5 strophes de rap qui ont changé ma vie
Ça fait bientôt deux ans que j’ai eu l’idée de faire un mini-livre qui réunirait les strophes qui m’ont le plus marqué dans le rap.
J’ai eu cette idée après avoir lu ce livre :
Je ne l’ai pas aimé du tout.
Mais je me suis demandé si c’était parce qu’il se contentait de lister les punchlines sans les expliquer, sans donner ce qu’elle lui inspirait ou si c’est parce qu’il est impossible de partager ça avec quelqu’un.
Peut-être que le rapport à la musique est trop intime, trop personnel, trop charnel pour pouvoir le retranscrire. Sans compter qu’en perdant l’instrumentale on perd aussi tout le travail de rythmique qui est fait.
Certaines strophes sont des bijous mais uniquement parce que le flow (c’est-à-dire la manière de poser les mots sur les battements) est un travail d’orfèvre.
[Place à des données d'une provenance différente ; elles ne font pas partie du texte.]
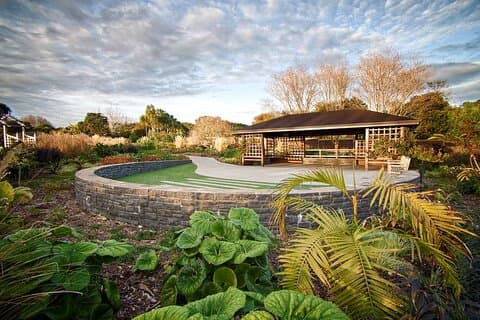 Full Day Private VIP Garden and Sculpture Tour in Auckland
Que le sens ne soit pas si profond que ça… devient alors secondaire.
Quand Niro crache :
Ils t'aimeront quand t'es mort comme DJ Mehdi
J'ai mérité mes titres, plein de vérités j'ai dit
C'est pas de la comédie, j'ai médité
Mais qui t'es pour juger, critiquer, mes idées, mais dis
J'ai débridé mes vices, élucidé mes vies
J'aurais mieux fait d'éviter des feats et des beats et des hits
Mais j'ai kické, j'ai vite compris que j'étais pas comme eux
L’exploit est dans le nombre de sonorités en di/ti/vi/ci/ki/ri, placées de manière à la fois nonchalante et nerveuse. Très dur de montrer ça à l’écrit. On pourrait essayer avec du gras et en reflétant le tout dans la manière d’espacer :
Ils t'aimeront quand t'es mort comme DJ Mehdi J'ai mérité mes titres, plein de vérités j'ai dit C'est pas de la comédie, j'ai médi té Mais qui t'es pour juger, critiquer, mes idées, mais dis J'ai débridé mes vices, élucidé mes vies J'aurais mieux fait d'éviter des feats et des beats et des hits Mais j'ai kické, j'ai vite compris que j'étais pas comme eux
Pas sûr que ça fonctionne…
Alors je me suis dit que je devais me limiter aux strophes qui me marquent uniquement avec les mots. Bien sûr on ne peut jamais distinguer totalement les mots du rythme et de la voix puisque c’est ce qui permet d’être touché.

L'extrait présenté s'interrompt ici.